WHAT THE EXERCISE ASKS – Pictures in the data below are not part of the copy; transcribe everything else exactly.

MATERIAL PROVIDED –

————————

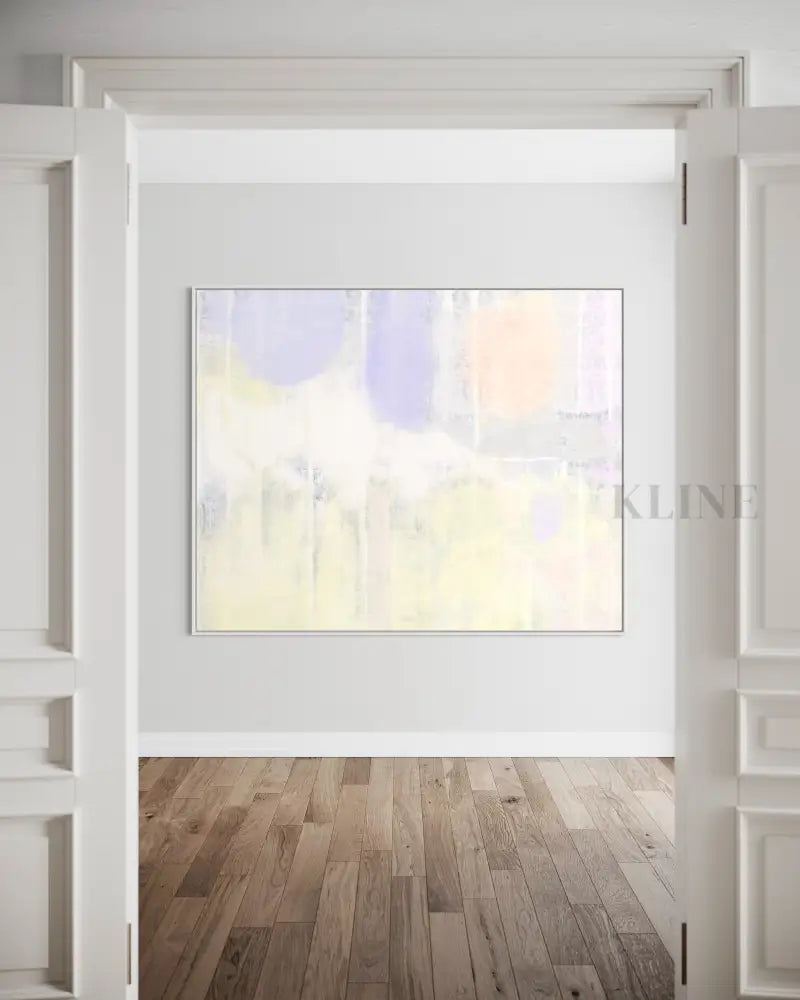 Spring Meadow - Hand Painting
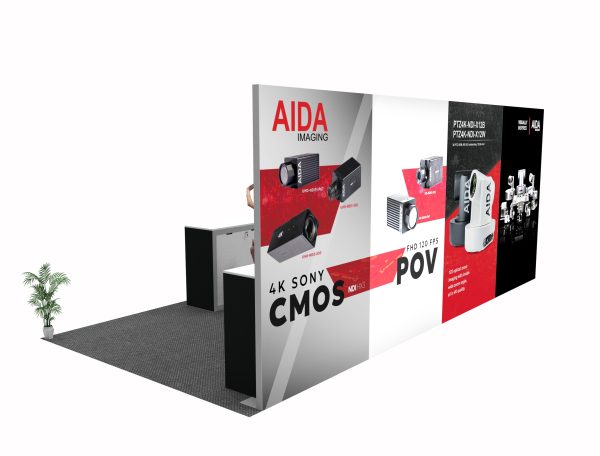 STL1020-01 - 10'x20' Trade Show Booth Rental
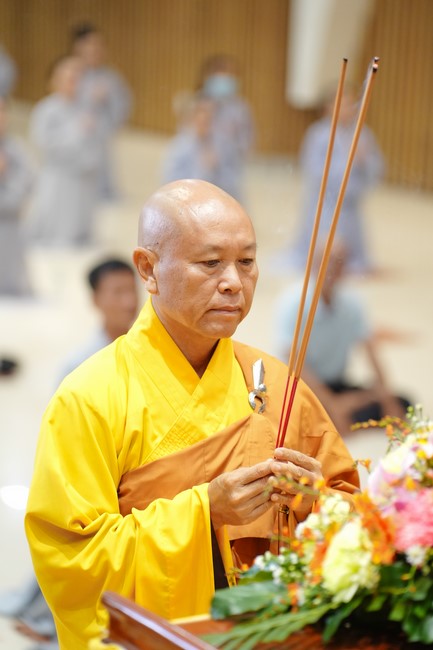 The Ordination Ceremony on Oct. 24th, Year of the Dragon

————————

SOLUTION TO THIS TASK –
 Spring Meadow - Hand Painting
 STL1020-01 - 10'x20' Trade Show Booth Rental
 The Ordination Ceremony on Oct. 24th, Year of the Dragon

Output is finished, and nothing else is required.